**ASSIGNMENT**
Reproduce exactly the lines of this material that begin at the line with "Heavy city traffic" and end at the line with "Primark Womens White", both included. Omit the pictures and everything else.

**INFORMATION SUPPLIED**

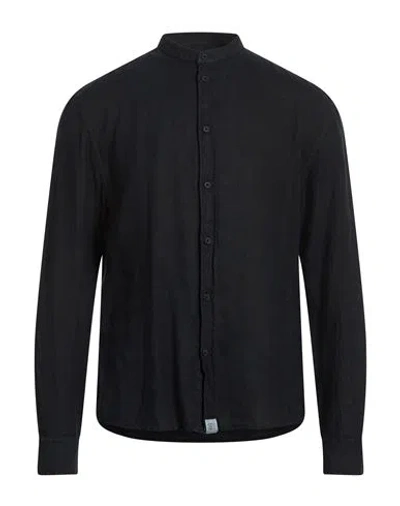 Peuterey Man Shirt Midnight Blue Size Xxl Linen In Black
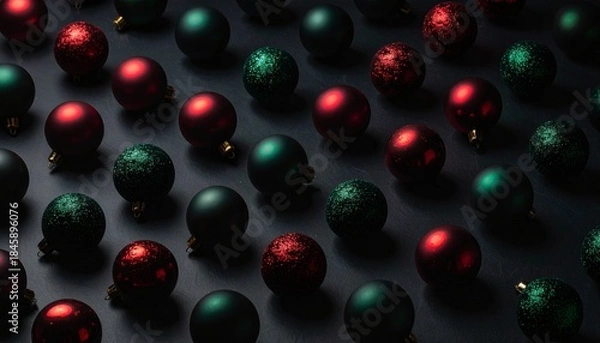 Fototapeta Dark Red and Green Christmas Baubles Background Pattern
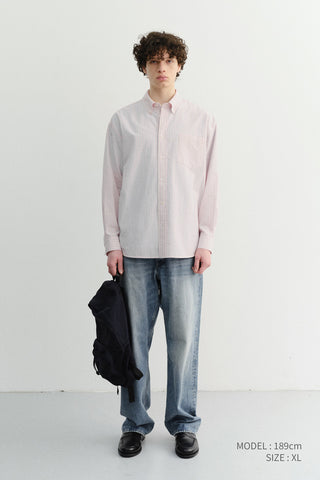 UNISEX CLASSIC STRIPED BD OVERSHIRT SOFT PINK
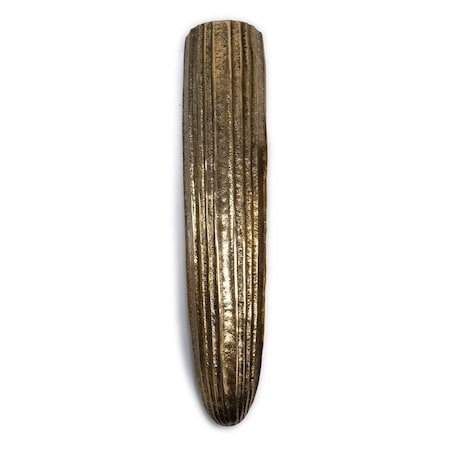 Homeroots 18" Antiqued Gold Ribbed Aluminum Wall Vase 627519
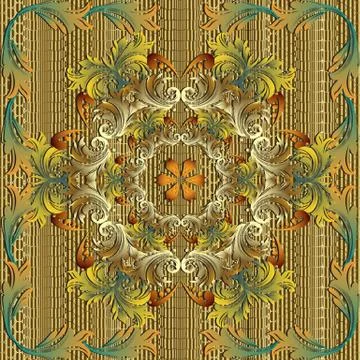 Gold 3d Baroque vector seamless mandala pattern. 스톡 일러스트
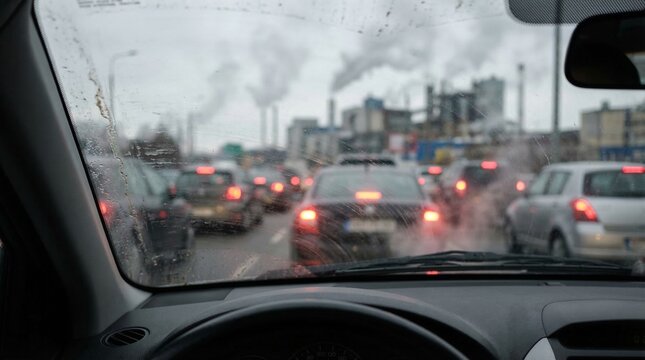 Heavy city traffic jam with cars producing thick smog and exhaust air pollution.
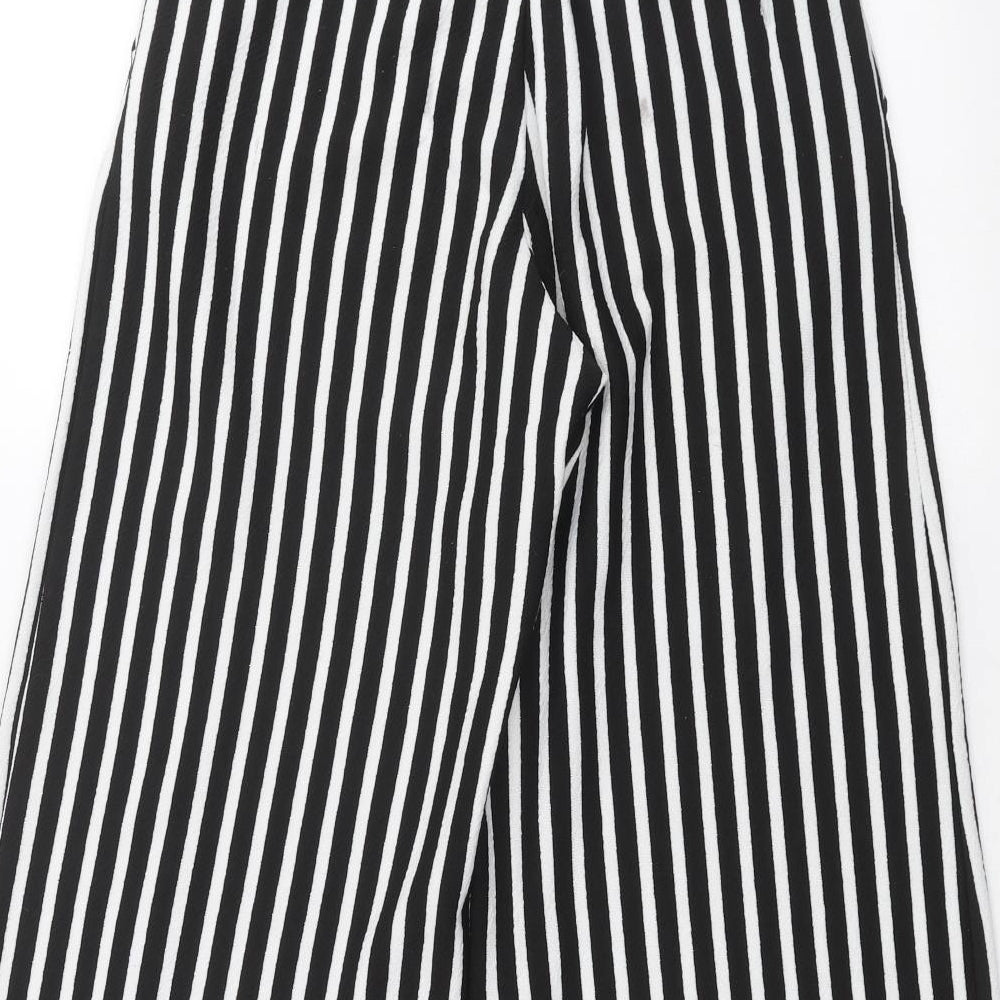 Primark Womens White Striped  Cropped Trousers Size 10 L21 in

* * *

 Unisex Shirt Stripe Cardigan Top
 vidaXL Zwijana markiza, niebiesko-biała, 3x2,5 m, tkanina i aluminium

**RESPONSE**
 Heavy city traffic jam with cars producing thick smog and exhaust air pollution.
 Primark Womens White Striped  Cropped Trousers Size 10 L21 in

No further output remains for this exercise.